Les analyses se limitent généralement aux effets négatifs des chaleurs sur le rendement des récoltes, sur des mois ou des années. Mais cette étude, publiée dans le journal Nature Human Behaviour, révèle que les effets peuvent en réalité être immédiats lorsqu’on envisage la privation de revenus pour les travailleurs pauvres.
“S’il fait chaud aujourd’hui, l’insécurité alimentaire peut arriver en quelques jours parce que les gens ne peuvent pas travailler, ne gagnent pas d’argent et n’ont donc pas les moyens de s’acheter à manger”, a expliqué à l’AFP l’autrice principale de ces travaux, Carolin Kroeger de l’université d’Oxford.
Selon son étude, une semaine de températures extrêmes en Inde signifie par exemple que huit millions de personnes supplémentaires seront confrontées à une insécurité alimentaire grave. Sur les 150 pays examinés — en particulier dans les zones tropicales et subtropicales — la même vague de chaleur peut ainsi conduire des millions de personnes à connaître la faim.
La vulnérabilité porte surtout sur ceux qui exercent des métiers pour lesquels les travailleurs sont payés à la pièce ou au rendement.
Des femmes du Bengale occidental (Inde) sont par exemple payées selon le nombre de briques qu’elles transportent chaque jour. Lorsque des températures suffocantes les contraignent à charger moins de briques, elles peuvent perdre jusqu’à 50 % de leur revenu.
Une difficulté récemment illustrée dans un reportage de l’AFP dans le nord-ouest de la Syrie, où le forgeron Mourad Haddad doit se lever tôt pour éviter une chaleur insupportable. “La chaleur nous tue. J’ai six enfants, et je peux à peine subvenir à leurs besoins. Si on ne travaille pas, on ne peut pas joindre les deux bouts”, raconte-t-il.
“On trouve les effets les plus importants dans les pays à bas revenus, avec plus d’emplois agricoles ou vulnérables”, détaille Carolin Kroeger.
470 milliards d’heures de travail — soit l’équivalent de près d’une semaine et demie de travail par personne dans le monde — ont été perdues en 2021 en raison des chaleurs extrêmes.
Ces conclusions interviennent alors que les prix alimentaires sont soumis à l’inflation consécutive à l’invasion russe de l’Ukraine et un mois après la décision de l’Inde, premier exportateur de riz, de réduire ses exportations en raison de mauvaises récoltes.

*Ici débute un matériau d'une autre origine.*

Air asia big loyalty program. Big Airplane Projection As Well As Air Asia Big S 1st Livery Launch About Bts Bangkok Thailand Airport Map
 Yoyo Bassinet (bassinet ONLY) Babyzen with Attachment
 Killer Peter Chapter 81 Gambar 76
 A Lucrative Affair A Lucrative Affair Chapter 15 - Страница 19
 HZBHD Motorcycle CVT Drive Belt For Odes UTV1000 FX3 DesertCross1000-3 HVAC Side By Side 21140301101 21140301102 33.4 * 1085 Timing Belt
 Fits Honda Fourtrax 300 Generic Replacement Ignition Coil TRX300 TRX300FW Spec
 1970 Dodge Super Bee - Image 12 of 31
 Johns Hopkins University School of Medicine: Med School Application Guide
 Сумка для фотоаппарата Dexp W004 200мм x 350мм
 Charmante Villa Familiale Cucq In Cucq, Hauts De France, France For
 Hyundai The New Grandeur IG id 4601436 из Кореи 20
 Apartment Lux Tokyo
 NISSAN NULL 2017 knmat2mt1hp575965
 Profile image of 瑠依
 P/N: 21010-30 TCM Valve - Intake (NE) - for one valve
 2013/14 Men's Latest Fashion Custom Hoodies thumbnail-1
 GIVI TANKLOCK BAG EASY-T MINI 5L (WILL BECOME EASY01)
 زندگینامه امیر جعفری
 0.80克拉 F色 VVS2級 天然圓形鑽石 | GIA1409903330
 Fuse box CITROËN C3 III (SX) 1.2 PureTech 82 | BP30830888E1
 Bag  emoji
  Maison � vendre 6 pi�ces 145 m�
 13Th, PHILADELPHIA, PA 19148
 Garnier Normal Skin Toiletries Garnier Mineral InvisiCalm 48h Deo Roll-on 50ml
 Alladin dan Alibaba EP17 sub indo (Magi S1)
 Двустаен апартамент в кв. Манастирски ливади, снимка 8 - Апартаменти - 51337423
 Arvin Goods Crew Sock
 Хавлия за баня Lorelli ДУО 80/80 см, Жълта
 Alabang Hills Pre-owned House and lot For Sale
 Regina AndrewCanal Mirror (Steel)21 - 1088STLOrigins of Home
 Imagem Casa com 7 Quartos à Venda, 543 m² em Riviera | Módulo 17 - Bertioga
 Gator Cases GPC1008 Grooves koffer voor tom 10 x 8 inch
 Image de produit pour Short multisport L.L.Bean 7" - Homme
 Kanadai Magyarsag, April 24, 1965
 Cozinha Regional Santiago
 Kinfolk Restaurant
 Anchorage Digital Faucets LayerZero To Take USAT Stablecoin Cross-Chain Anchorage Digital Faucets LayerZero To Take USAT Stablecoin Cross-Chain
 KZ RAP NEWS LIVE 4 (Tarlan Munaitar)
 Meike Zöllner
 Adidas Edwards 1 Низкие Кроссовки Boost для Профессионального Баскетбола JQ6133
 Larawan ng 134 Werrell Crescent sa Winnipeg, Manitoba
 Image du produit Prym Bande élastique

Les chercheurs se sont aussi rendus compte que la hausse des températures a causé un déclin de nutriments essentiels dans de nombreuses cultures qui servent à nourrir la planète.
“Beaucoup de records de chaleur ont été battus ces deux dernières années donc je pense que certaines choses vont empirer”, prédit Carolin Kroeger. “Mais certaines choses pourraient aider comme des micro-assurances ou une amélioration du droit du travail”, souligne-t-elle.
Selon le Giec, les experts internationaux du climat qui travaillent sous l’égide de l’ONU, des centaines de millions de personnes souffriront d’au moins 30 “journées de chaleur mortelle” chaque année d’ici 2080. Et cela même si le monde parvient à respecter l’accord de Paris et à limiter le réchauffement mondial bien en dessous de 2 °C.